• **WORK REQUEST**
Only the lines from the beginning of the material below through the line with "Happy mixed race" should be retyped exactly, and pictures are to be skipped.

• **DATASET EXTRACT**
========================================================================

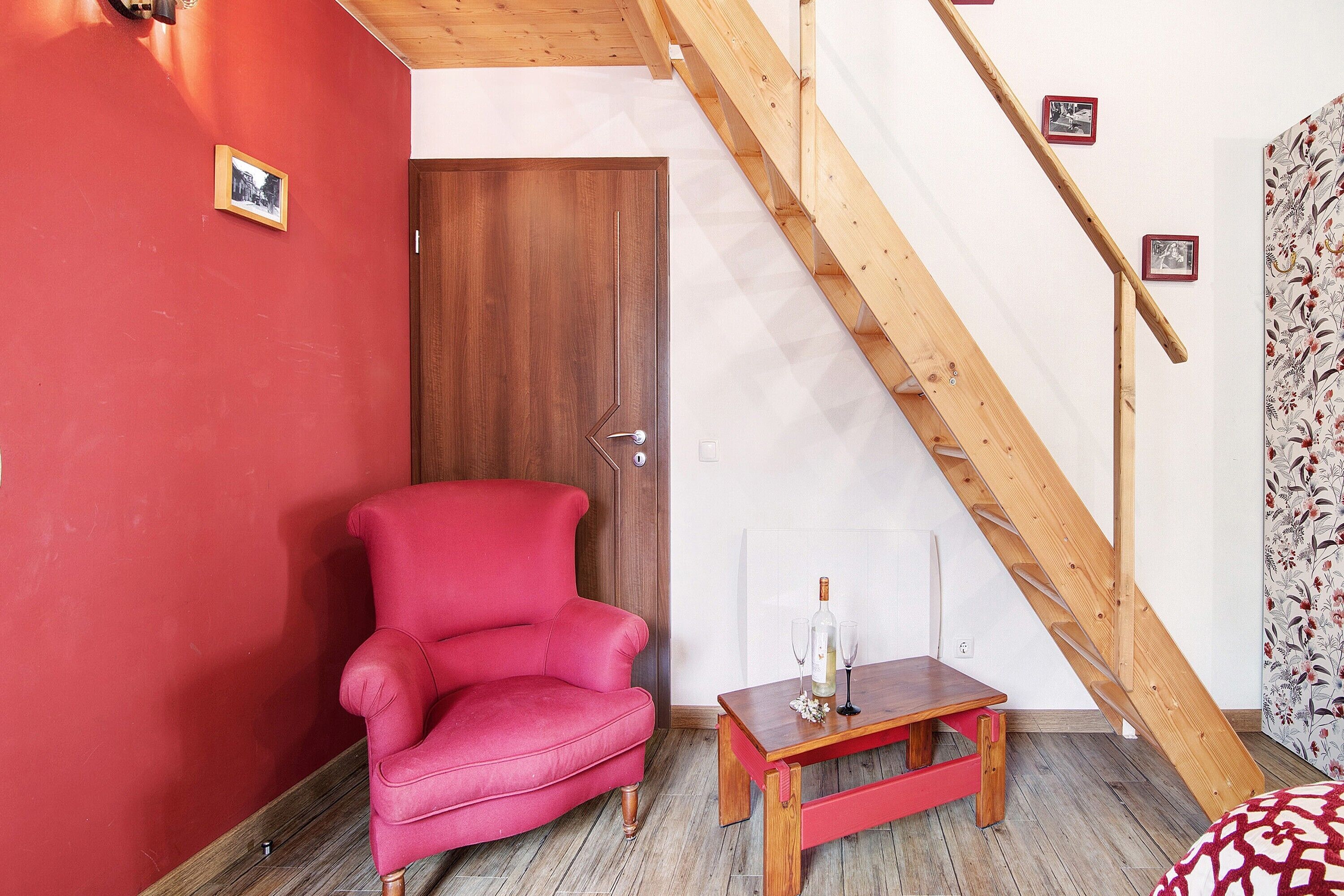 A room with a red wall, a wooden door, a red armchair, a wooden table with a bottle and glasses, and a wooden staircase.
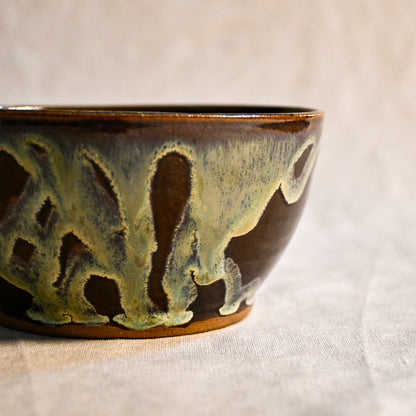 Handmade ceramic chili bowl by Leigh Art featuring Espuela glaze with one-of-a-kind earth-tone movement and wheel-thrown craftsmanship.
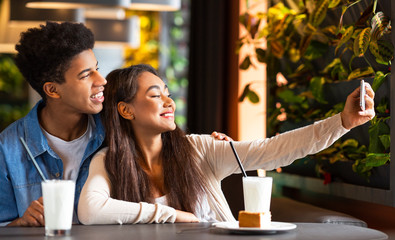 Happy mixed race teen couple making selfie at cafe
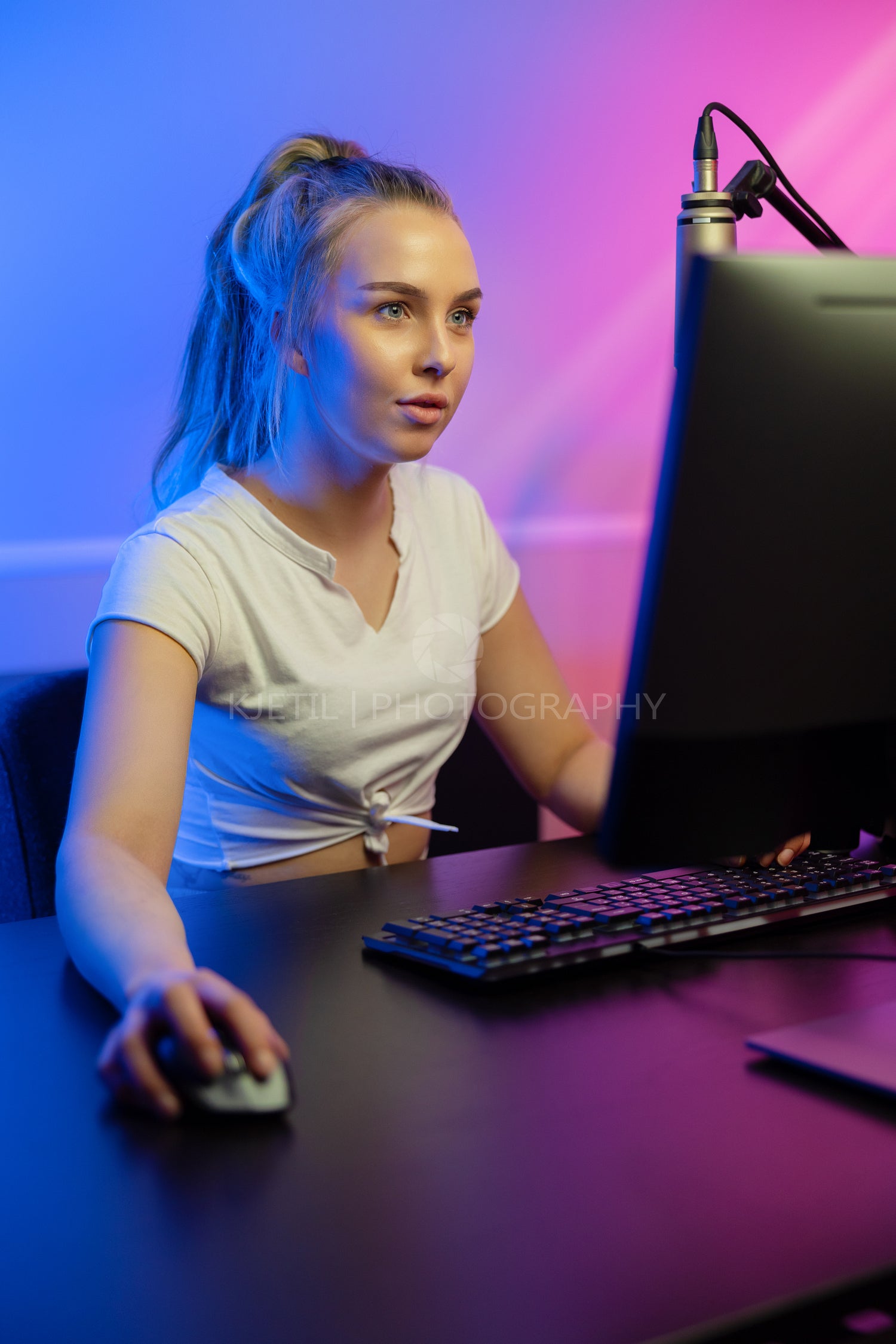 Close-up of focused professional gamer girl playing online multiplayer video game on PC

========================================================================

• **COMPLETED TASK**
 A room with a red wall, a wooden door, a red armchair, a wooden table with a bottle and glasses, and a wooden staircase.
 Handmade ceramic chili bowl by Leigh Art featuring Espuela glaze with one-of-a-kind earth-tone movement and wheel-thrown craftsmanship.
 Happy mixed race teen couple making selfie at cafe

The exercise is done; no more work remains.